In both cases, after molding with the first molding resin, the lead frame is shaped into a lightning bolt shape in order to avoid distortion in the lead frame when shaping the lead 4 to form the lead bending shaping part 6. Pattern 8 is lead 4 and lead frame 1
This part is provided between the frame and the lead, and even if the lead is distorted after shaping, this part can be expanded or contracted, making it possible to shape the lead freely.

[0024] Also, in order to prevent the lead 4 from being deformed,
The tip of the lead 4 is supported by a dam bar 9 until the lead 4 is cut in a subsequent process. Next, with the above-mentioned lead bending shaping portion 6 formed, it is mounted once again in a transfer mold die, and a second mold resin shaping is performed as shown in FIG. 1(d). The resin shaping conditions at that time may be approximately the same as the first mold resin shaping conditions.
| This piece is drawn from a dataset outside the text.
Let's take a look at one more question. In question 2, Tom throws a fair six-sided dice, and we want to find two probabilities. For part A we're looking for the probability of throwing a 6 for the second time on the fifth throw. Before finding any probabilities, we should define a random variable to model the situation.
[0025] Next, in order to cut the IC, which has been double-molded with resin, from the lead frame 1, as shown in Fig. 1(e), the dam bar at the tip of the lead 4 is removed. The final IC shape is completed by cutting the portion 9, and the lead bending shaping portion 6 shaped with the second molding resin is fixed, and the tip end of the lead 4 becomes strong against bending due to external force.
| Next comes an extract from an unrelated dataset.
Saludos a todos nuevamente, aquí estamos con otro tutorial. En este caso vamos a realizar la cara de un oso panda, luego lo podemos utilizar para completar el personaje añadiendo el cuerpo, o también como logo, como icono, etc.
FIG. 3(a) is SOP, FIG. 2(b) is QFP
FIG. 3(c) is a perspective view of each completed product, and FIG. 3(c) is a sectional view of the completed product in which the lead bending and shaping portion 5 is sealed with resin. As you can see from the state of the finished product in Figure 3, the length of the leads protruding from the IC package is 0.5 mm to 1.5 mm.
The lead length of conventional ICs (about 3 mm)
Since the load on the lead tip is more than half that of the conventional lead, it does not deform and can withstand sufficient strength.

[0027]

[Effects of the Invention] As explained above, according to the present invention, the flatness and deformation of the lead can be improved by fixing the lead shaping part with resin sealing to prevent lead deformation, which is a drawback of conventional ICs. is significantly improved, and moisture resistance is also improved due to the double resin sealing.

In addition, since the leads have sufficient strength against external forces, deformation problems such as lifting and bending of the leads during the IC manufacturing process and testing process are greatly reduced, making it easier to ship, package, and transport the IC. In addition, the flatness of the leads is good even when mounting the IC on a printed circuit board, so the gap between the board and the leads is uniform, which greatly reduces soldering defects. .

[0029] Therefore, handling from IC manufacturing, testing, packaging to mounting becomes extremely easy, and defects and failures in the manufacturing process are improved, yield and quality are improved, so the total cost is reduced. becomes cheaper and can have extremely wide-ranging benefits.

[Brief explanation of the drawing]

[Figure 1] Diagram explaining the principle of the present invention

[Figure 2] Explanatory diagram of one embodiment of the present invention (Part 1)

[Fig. 3] Explanatory diagram of one embodiment of the present invention (Part 2)

[Figure 4]
Explanatory diagram of conventional example

[Explanation of symbols]

1 Lead frame 2 Die stage 3 Chip 4 Lead 5 First mold resin 6 Lead bending shaping section 7 Second mold resin 8 Lightning bolt shape pattern 9 Dam Bar

Claims (1)

[Claims] [Claim 1] A first mold resin sealing step of resin sealing a chip (3) diced on a die stage (2) of a lead frame (1), and a lead (4).
A semiconductor device comprising: a step of bending and shaping a lead to form a lead bending and shaping portion (6); and a second molding resin sealing step of sealing the lead bending and shaping portion (6) with resin. manufacturing method.